MICHIGAN CITY — A dedication was held Thursday for part of the old Franciscan Health hospital in Michigan City that will be put back to medical use.
About two-thirds of the former hospital at 301 W. Homer St. is currently being demolished. The remaining space of over 100,000 square feet will be used by Franciscan Health for prenatal care, inpatient behavioral health services and adult medical day care.
According to hospital officials, the cost of demolition, scheduled to be completed in December, and repurposing what’s left of the facility is $20 million.
“This is going to be a nice, vibrant, beautiful hospital. Smaller but beautiful and doing a great job,” said Sister Jane Marie Klein, chairman of the board of Franciscan Alliance.
Dean Mazzoni, president of Franciscan Health Michigan City, said the 14-bed inpatient Behavioral Medicine Unit will be open later this summer.
PACE — the Program for the All-Inclusive Care for the Elderly — will open in the fall, then soon after that, the Prenatal Care Unit will begin operating, he said.

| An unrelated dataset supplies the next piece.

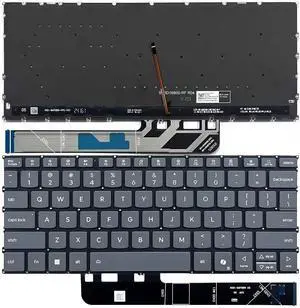 New US Black English Backlit Laptop Keyboard (Without palmrest) Replacement for Lenovo IdeaPad Slim 5 13ARP10 14AGP11 14AHP11 14IPH11 New US Black English Backlit Laptop Keyboard (Without palmrest) Replacement for Lenovo IdeaPad Slim 5 13ARP10 14AGP11 14AHP11 14IPH11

Mazzoni said need for those services was the determining factor in deciding to make use of the old hospital, which was vacated in January of 2019 when Franciscan Health opened a new hospital outside Michigan City along Interstate 94.
Mazzoni said the Behavioral Health Unit will be for individuals who need a higher level of psychological care, in areas like depression, than what can be provided as an outpatient.
The BHU initially moved to the new facility, but Mazzoni said it's moving back to create room at the new hospital for adding a medical surgical unit.
PACE will be for people 55 and over who need care during the day while a loved one taking care of them at home is typically at work.
Mazzoni said those patients will be given the care and medicine they need by trained professionals while being in a social setting, before returning home in the evening.
Mazzoni said Franciscan Health has two other PACE facilities, in Indianapolis and Lafayette, but had none in this area.
“It’s a higher level of care but it still keeps people at home in their communities and able to stay out of a nursing home a little longer,” he said.
Dr. Vidya Kora, a member of the Northern Indiana Regional Board for Franciscan Health, said the Prenatal Care Unit will offer expanded services from what’s currently provided.
He said expectant mothers at high risk will be targeted and given the care needed to elevate their chances of giving birth to a healthy baby.
Pregnant women qualifying financially will also be enrolled in Medicaid, he said.
Kora said the program is especially needed in LaPorte County, which ranks near the bottom in the state for infant mortality and low birth weight babies.
“I think it’ll be good for our community,” he said.
Forty to 60 new jobs are expected to be created from putting a portion of the facility back to use, officials said.
The site has been a provider of medical care since 1904.